See the darkness around the edges of these muffins? The caramelized crispiness? That’s thanks to a hot oven and brown sugar. Lots of it.
I mentioned these muffins in last week’s newsletter with the promise of finding the recipe. It traveled around our cottage community in the ‘80’s and eventually made it into the Trojan Swim Team cookbook1 printed by a Halifax swim parent in 1986. I knew my mom would have that book somewhere, so last weekend I pulled out her step stool and reached to the back of the cupboard above the fridge where she keeps a basket of old cookbooks too tired and spineless to stand on their own. There, on the top of the pile, was the Trojan Cookbook. It was missing its cover, but the coil binding still held the yellowing pages together.
I remember packing a few of these muffins for class one day (a perk of living at home during university). It must have been this time of year, when the semester was coming to an end, students were broke and tired, and forsythia branches were barely blooming. I was standing in the stacks of the Killam Library, a building designed in the Brutalist fashion, with my classmate Kath. She looked particularly down and out, so I offered her a muffin. She took one from the Tupperware in my hands, stuffed it into her mouth and mumbled, “this is the best thing I have ever eaten.”

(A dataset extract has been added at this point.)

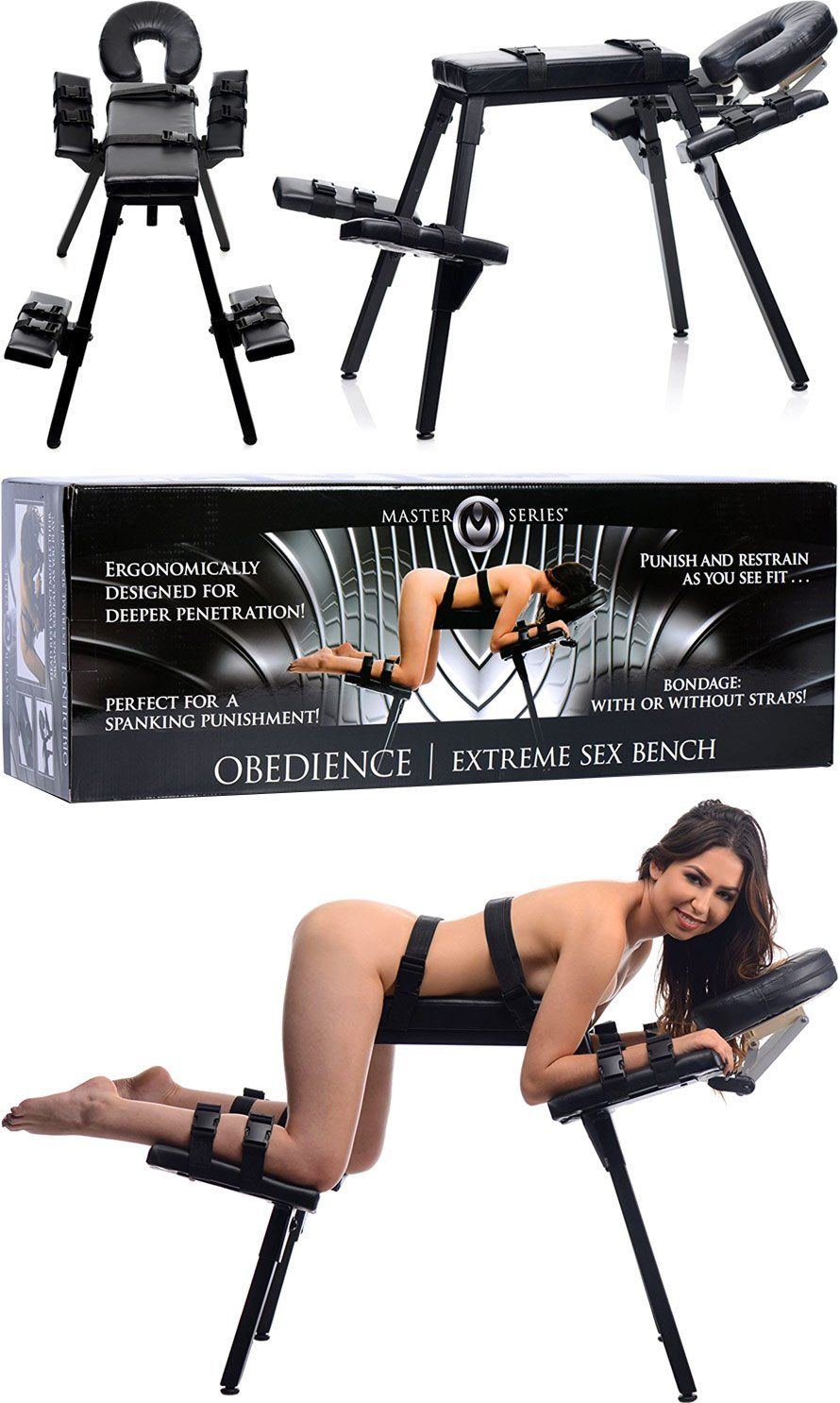 Bdsm bondage fetish restraint spank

I copied the recipe onto a piece of paper around that time, carried it with me as I moved around, then eventually started making the muffins from memory. As years passed I wondered if I had drifted too far from the original. Did it really have two cups of brown sugar and two cups of milk? Was it two cups of everything? Unsure and worried about the excessive sweetness, I tried to cut back on the brown sugar. I halved it and substituted with other sweeteners. The result? Instead of caramelized crispness I got a gooey, damp surface. It was an edible and nourishing muffin, but an entirely different experience. I needed to see the original recipe, to go back to the source.

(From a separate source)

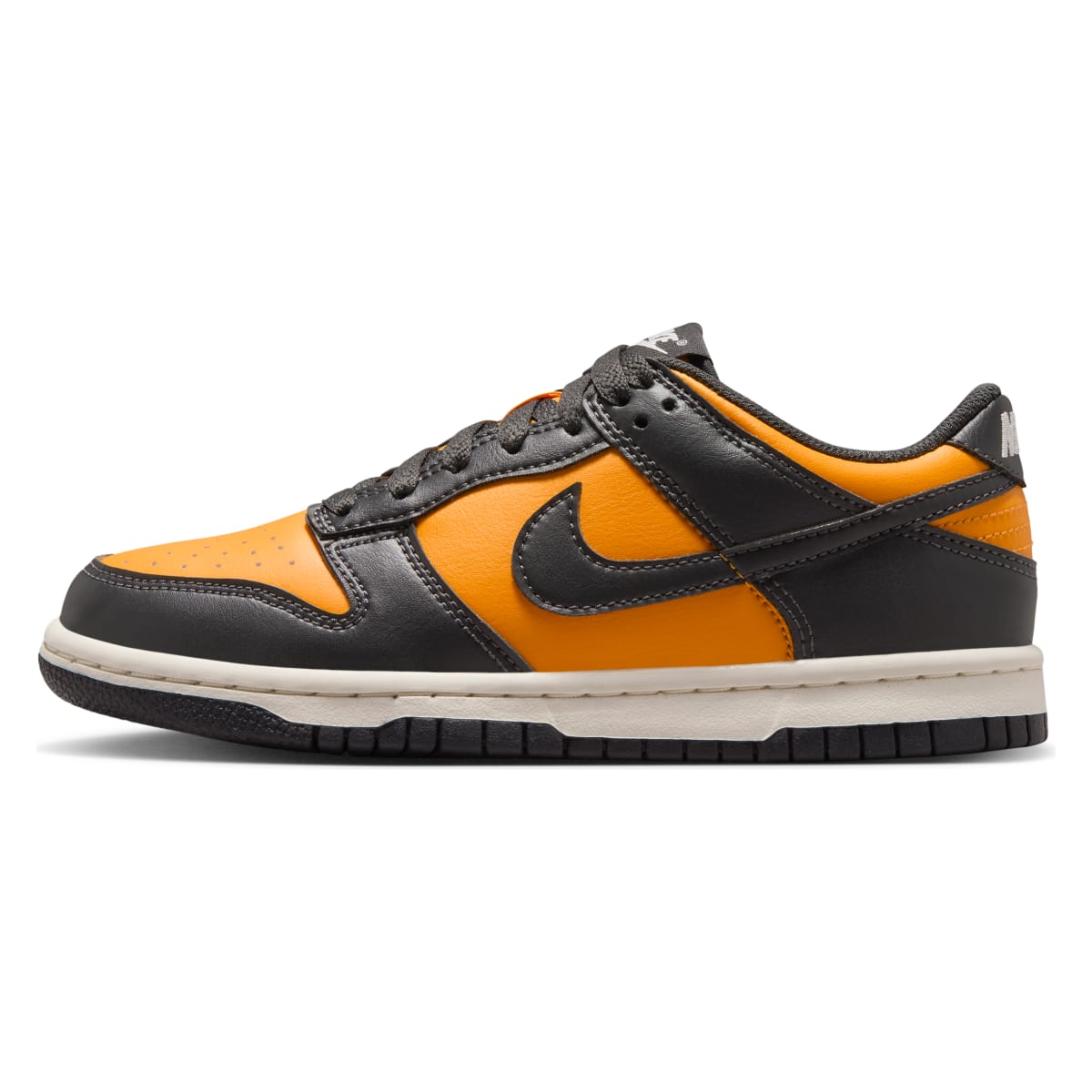 Nike Dunk Low GS "Sundial"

This week I made the recipe, verbatim, and the truth became clear: it was submitted to that little cookbook as a snack for hungry swimmers, but really, these muffins are little spheres of rich cake, studded with oatmeal for texture and endurance. They were the most loved recipe from the book.
The method begins by sifting the dry ingredients and in a separate bowl, mixing the wet. When the two are stirred together, the baking powder is activated by the liquid, producing carbon dioxide gas dancing throughout the batter. If you leave the batter for a few minutes, it will thicken and bubble away. It’s sweet, milky science, worth making when you’re in need.
Let me know how it goes.
Oatmeal Chocolate Chip or Butterscotch Chip Muffins
2 cups flour
2 tablespoons baking powder
1 teaspoon salt
2 cups rolled oats
2 cups brown sugar
2 eggs
2 cups milk
½ cup vegetable oil
2 teaspoons vanilla
2 cups of chocolate or butterscotch chips
Sift the dry ingredients together. Beat the wet ingredients together and add the chocolate or butterscotch chips. Add the wet mixture to the dry mixture; pour batter into greased muffin tins and bake at 400F / 200C for 15 minutes, or until tops are nicely browned and muffins are cooked through.

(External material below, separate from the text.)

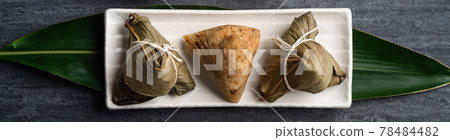 Kazuko Dango Festival zongzi rice dumpling duanwu Taiwan Chimaki Dango Festival 78484482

I was not a Trojan swimmer. I wanted to be, but practices were twice a day, five days a week, and my mom wondered, who would want to do that? So I ended up synchronized swimming a few mornings a week and Sunday afternoons. I can still eggbeater indefinitely, and we got the cookbook anyway. It was the right choice.
Ooohhh yes!! Just the recipe I need. Thanks for sharing it with us, Lindsay. They sound wonderfully delicious x
Definitely going to try these but wondering how they might turn out if I substituted the chocolate for fruit or nuts?